Are Alphabet Inc (GOOGL) Shares Worth the Money? Top Analyst Says Yes

Analyst Youssef Squali of SunTrust believes Alphabet Inc (NASDAQ:GOOGL) is quickly expanding beyond its traditional role as the worlds top internet search engine. In his initiation report, the analyst sees the company moving into a number of fields such as Cloud computing, Internet of Things (IoTs), self-driving cars and Display/Video ad businesses, which enable the tech giant to collect and analyze users in ways once thought unimaginable.

Squali notes that Google is still preforming very strongly on the advertising end and has maintained double digit growth in search ad spends, which the analyst believes accounts for around 50% of its digital advertising. Up 13% year-over-year, totaling for 75% global Search ad spend, the analyst estimates Google netted around $63 billion in Search ad revenues in 2016.
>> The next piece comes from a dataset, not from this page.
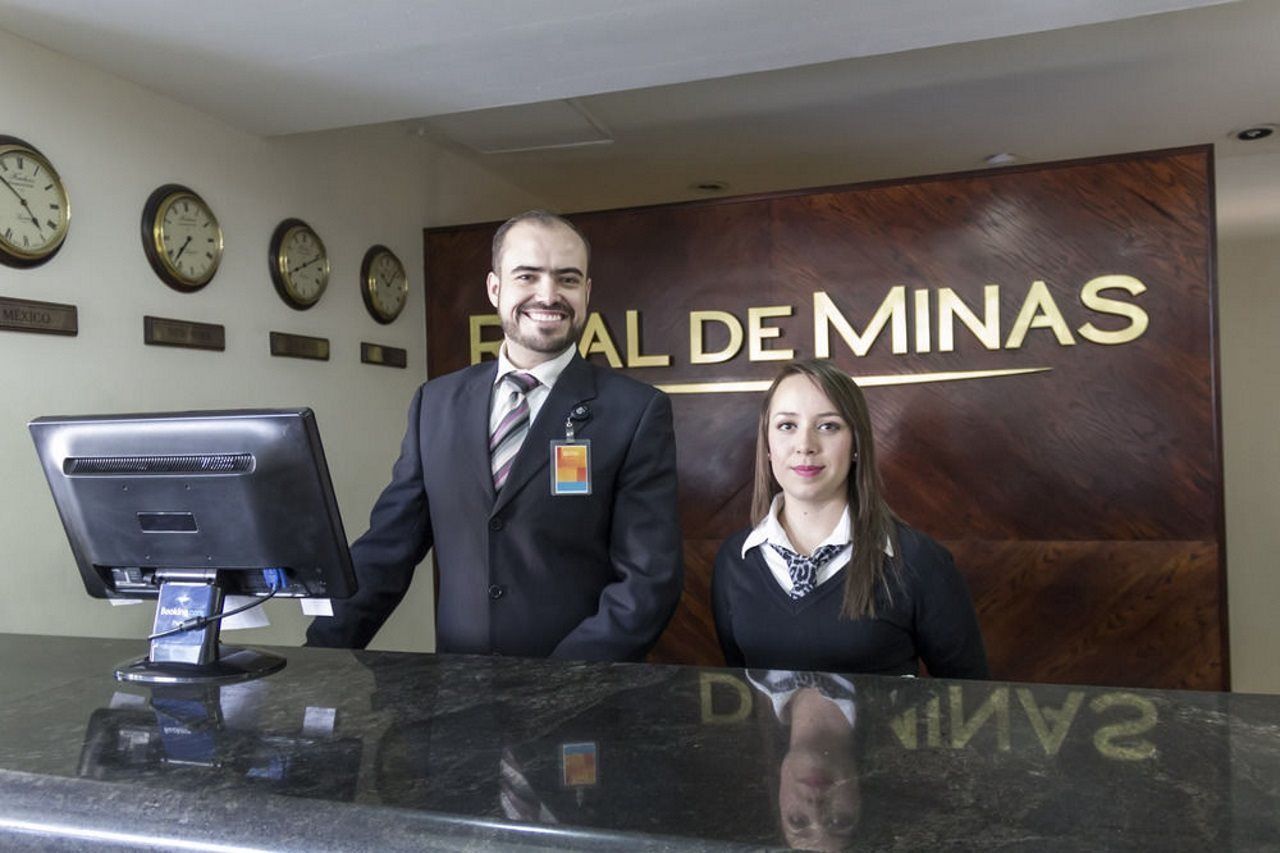 Imperio De Angeles Executive Leon Poliforum Exteriör bild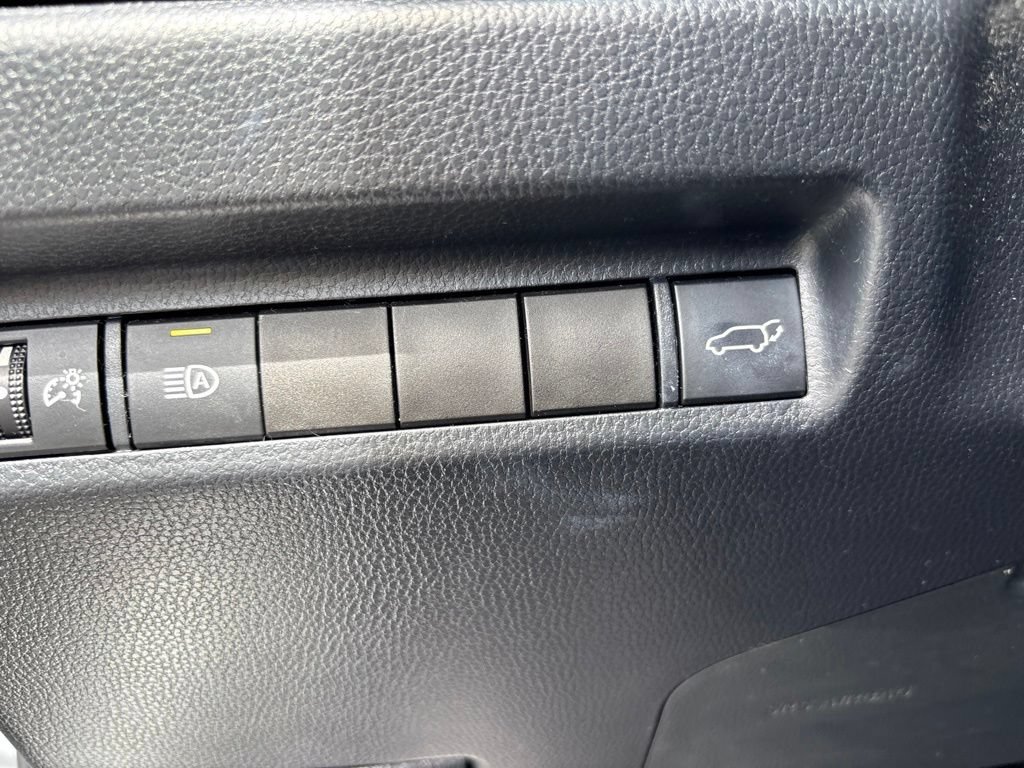 Used 2020 Toyota RAV4 XLE Premium w/ Carpet Mat Package FWD image 22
Furthermore, with around 1 billion monthly average users between Android, Maps, Chrome, YouTube, Google Play, and Gmail the company can “Serve the most relevant ads at any given time on any property, in any geography […] Given the highly targeted nature of Search, where it fits in the marketing funnel and track-ability of its ROI, we believe it’ll remain a pillar of marketers’ ad budgets for years to come” says Squali.  The company is also leading in non-search ads like Maps and Waze, which the analyst notes “GOOGL only begun monetizing.”

According to Squali, another up and coming Google money-maker is in its Display/Video ad businesses, which raked in gross revenue of near $16 billion in 2016 and is outpacing the market by 200% and is up 40% year over year. Overall Google is giving stakeholders access “to some of the fastest growing and most exciting trends within the global economy at an attractive valuation, in our view […] That said, decelerating growth, margin pressures and regulatory concerns in the short/medium-term are important considerations to keep an eye on” opines the analyst.

As such, on the heels of these advances, the analyst initiates a Buy rating on GOOGL stock with a price target of $1,100 representing a 16% rise above current trading levels.

Youssef Squali has an excellent TipRanks score with a 73% success rate and a high ranking of #27 out of 4,627 analysts. Graham realizes 19.6% in his annual returns. When recommending GOOGL, Squali earns 16.9%.

TipRanks analytics showcase GOOGL as a Strong Buy. Out of 34 analysts polled by TipRanks in the last 3 months, 31 are bullish, while 3 are sidelined. With an upside potential of 16%, the stock’s consensus target price stands at $1,098.90.